**ASSIGNED TASK:** Using the material below, repeat exactly the lines from the one with "Rubicone In Volley vs AVA - Under16F - 2" through the one with "Sarouk Tapijt 295x245cm - Oosters Tapijt", ends included, without any images.

**MATERIAL FOR THIS EXERCISE:**
■ ■ ■ ■ ■

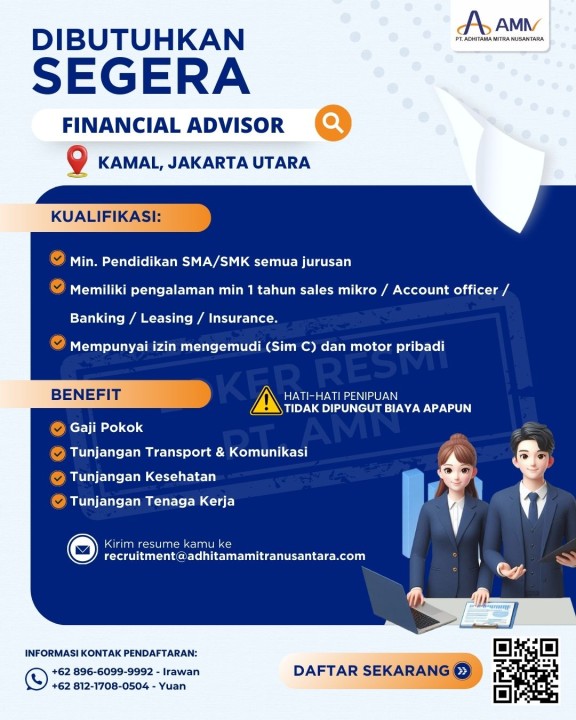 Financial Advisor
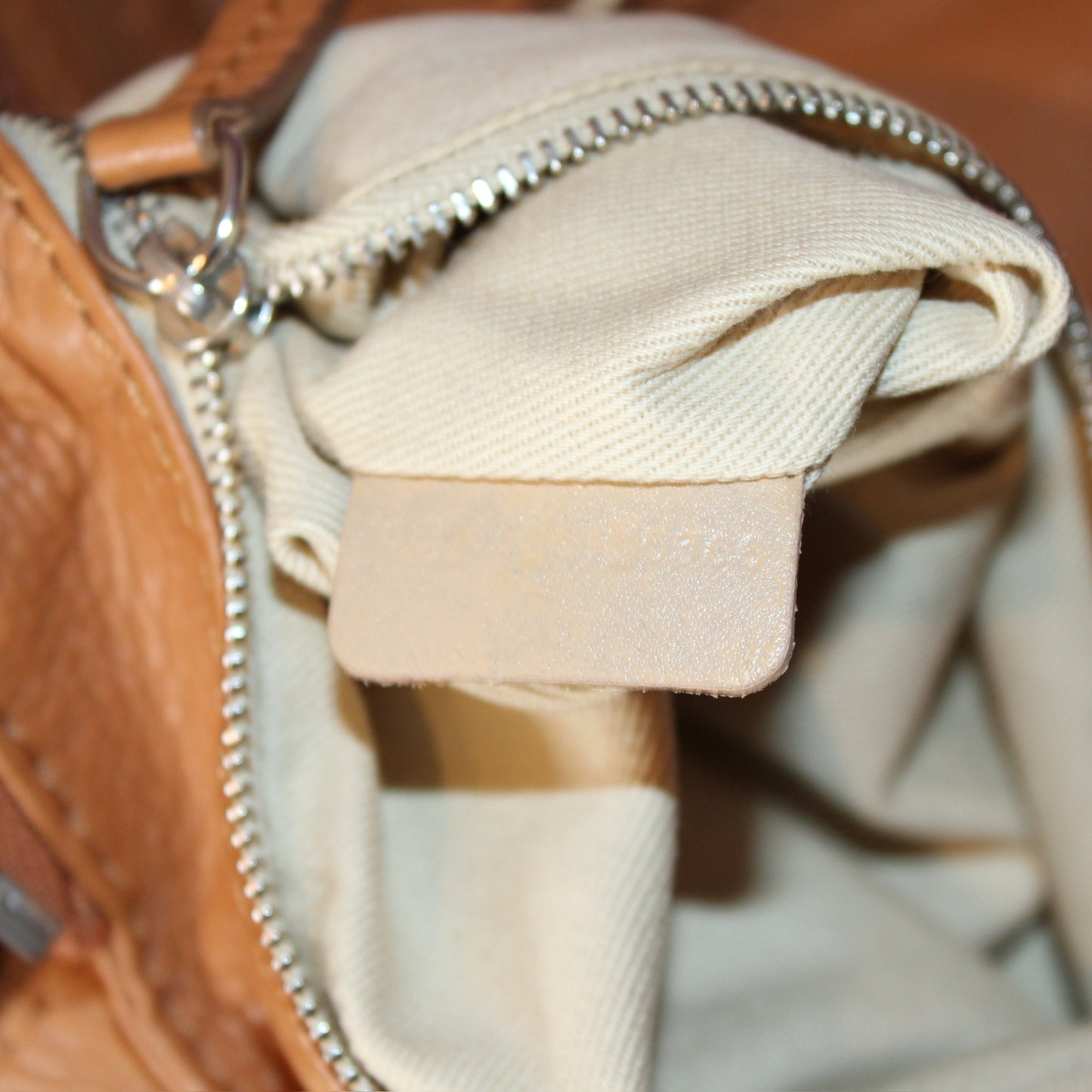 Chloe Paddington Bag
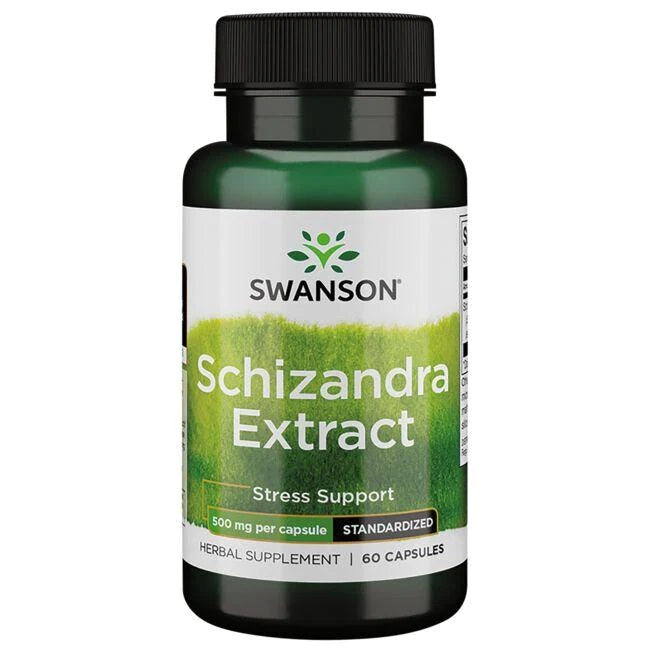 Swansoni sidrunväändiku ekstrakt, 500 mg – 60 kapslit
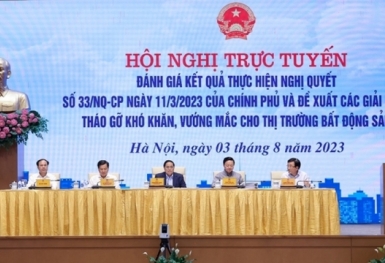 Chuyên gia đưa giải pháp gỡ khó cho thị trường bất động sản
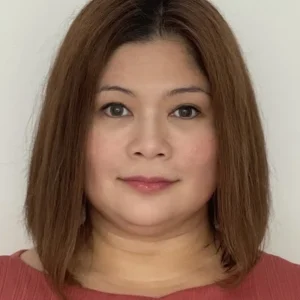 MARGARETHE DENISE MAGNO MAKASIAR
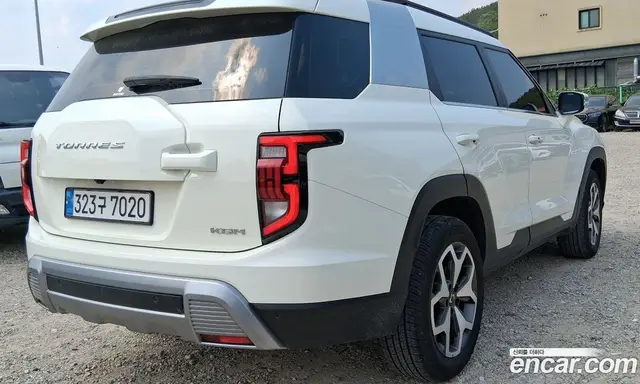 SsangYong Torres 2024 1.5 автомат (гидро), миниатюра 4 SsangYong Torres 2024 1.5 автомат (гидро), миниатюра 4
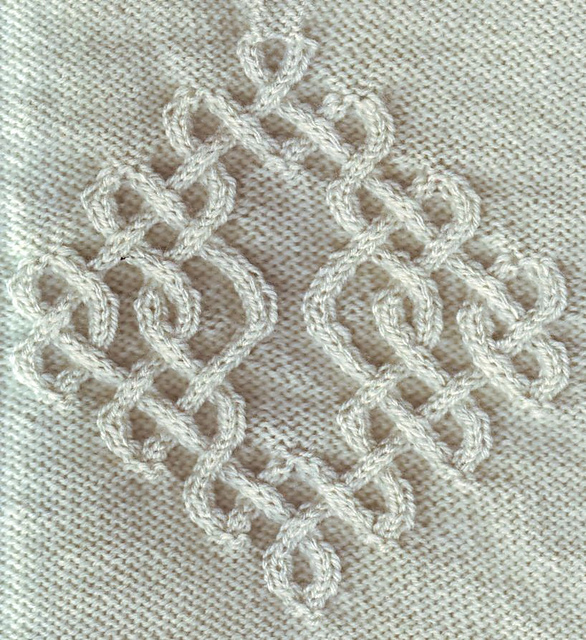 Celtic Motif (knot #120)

■ ■ ■ ■ ■

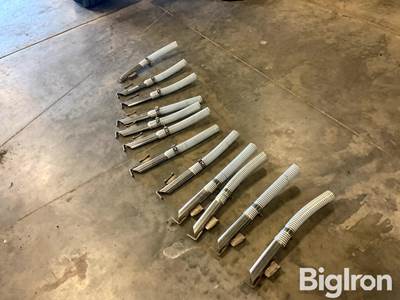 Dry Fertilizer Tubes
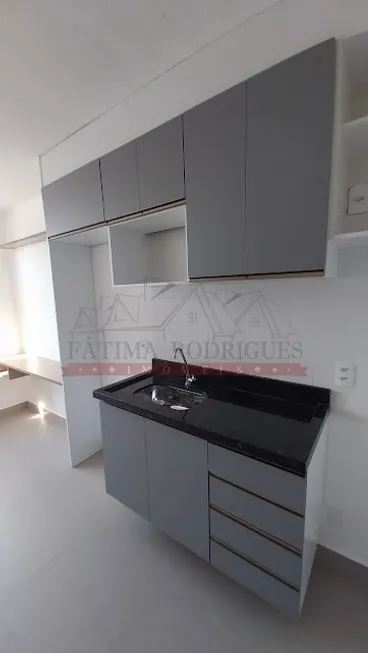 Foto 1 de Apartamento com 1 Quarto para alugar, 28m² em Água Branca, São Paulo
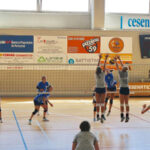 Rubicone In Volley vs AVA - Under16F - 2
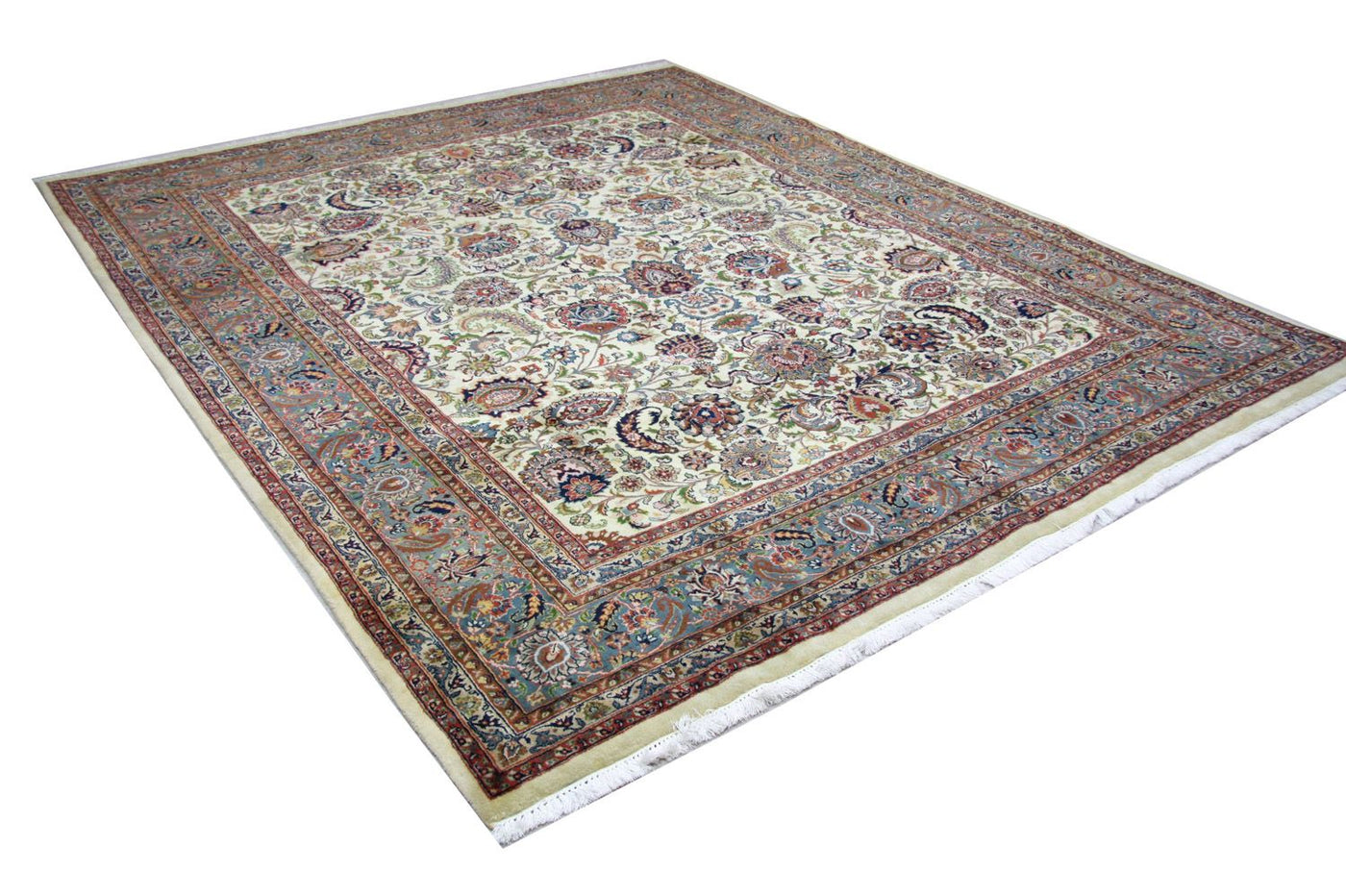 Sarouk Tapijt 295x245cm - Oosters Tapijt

■ ■ ■ ■ ■

**TASK ANSWER:**
 Rubicone In Volley vs AVA - Under16F - 2
 Sarouk Tapijt 295x245cm - Oosters Tapijt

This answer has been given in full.